» **ACTION ITEM**: Copy out all the lines of the data precisely, omitting any pictures.

» **RECORDED INFORMATION**:
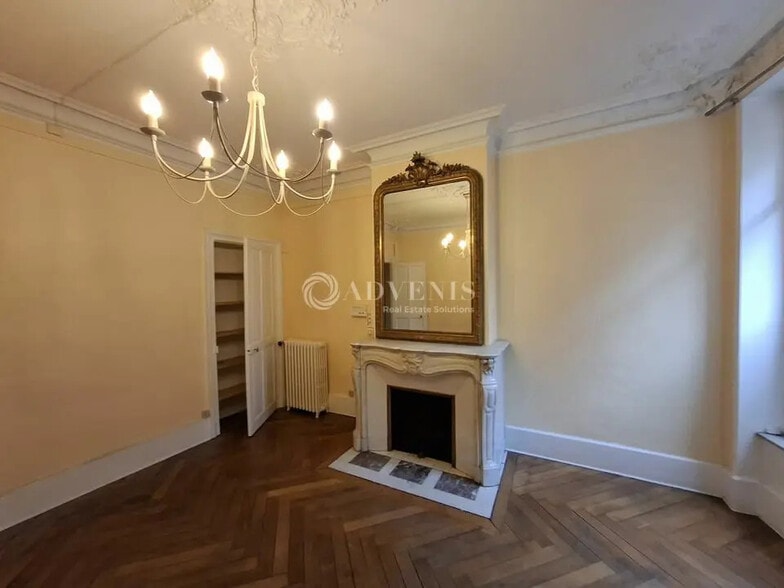 49 Avenue Foch, Nancy for lease - Interior Photo - Image 3 of 6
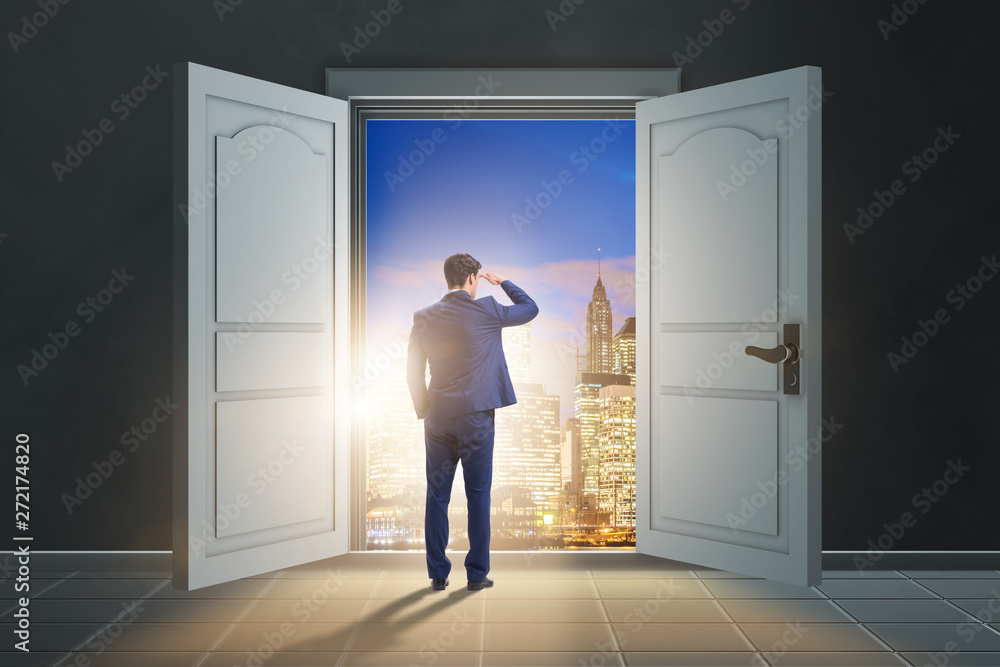 Fototapeta premium Businessman entering big large door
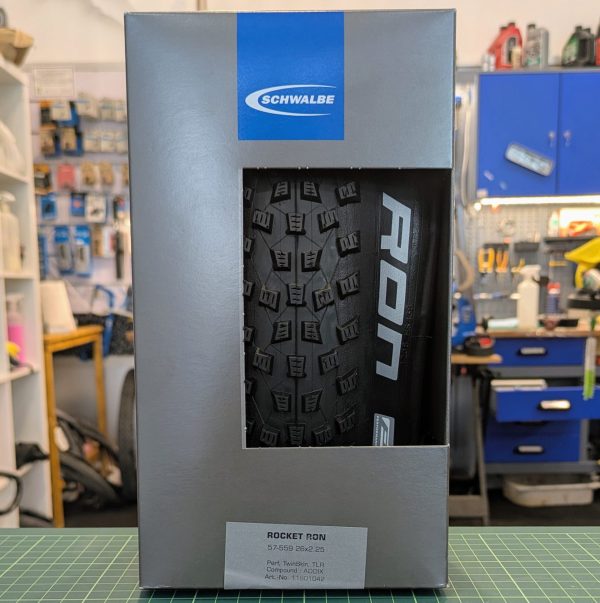 Schwalbe Rocket Ron Performance Addix TLR 26x2.25"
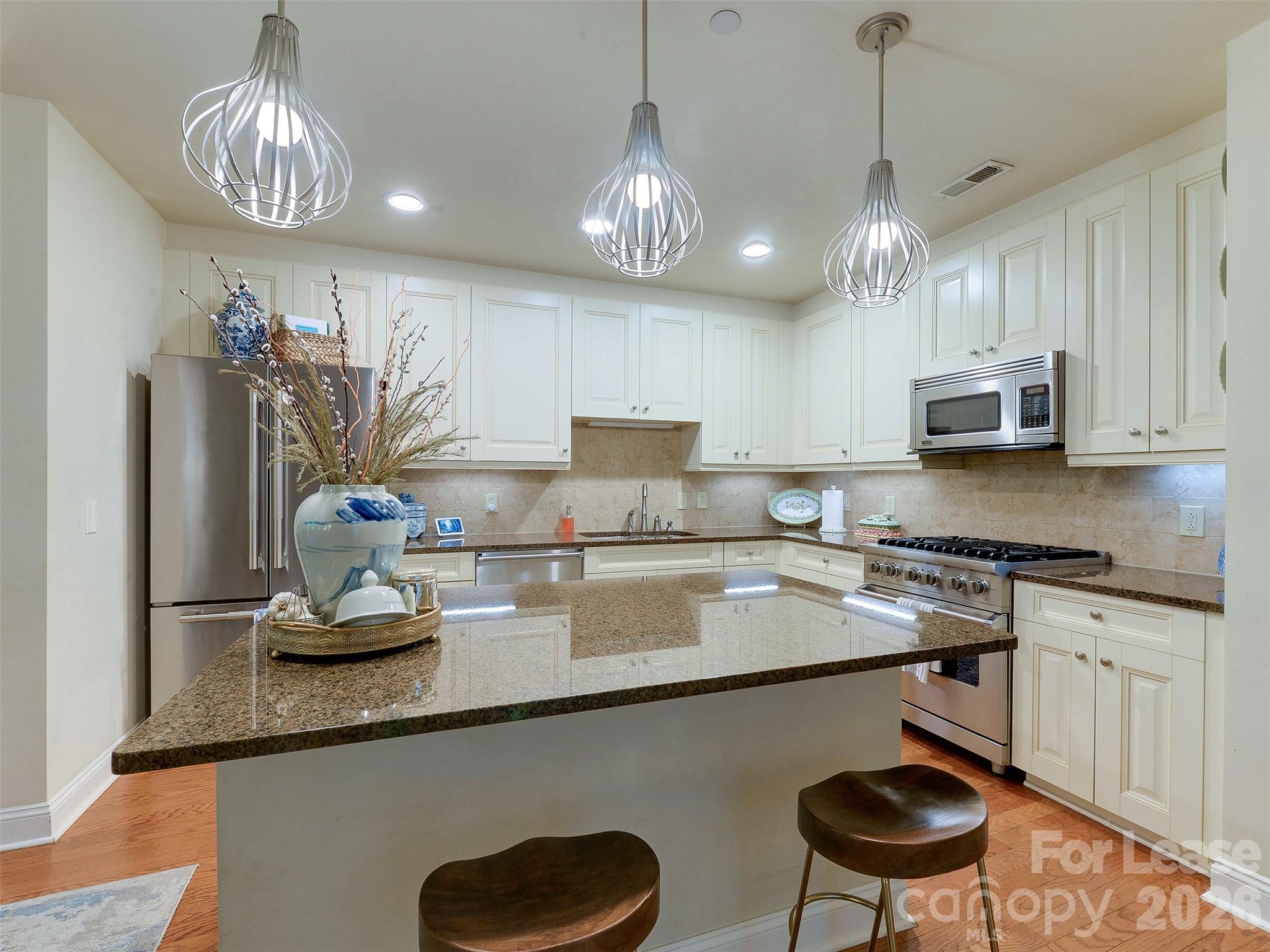 701 Royal Court 306 Property Photo 6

» **SOLUTION FOR THIS EXERCISE**:
 49 Avenue Foch, Nancy for lease - Interior Photo - Image 3 of 6
 Fototapeta premium Businessman entering big large door
 Schwalbe Rocket Ron Performance Addix TLR 26x2.25"
 701 Royal Court 306 Property Photo 6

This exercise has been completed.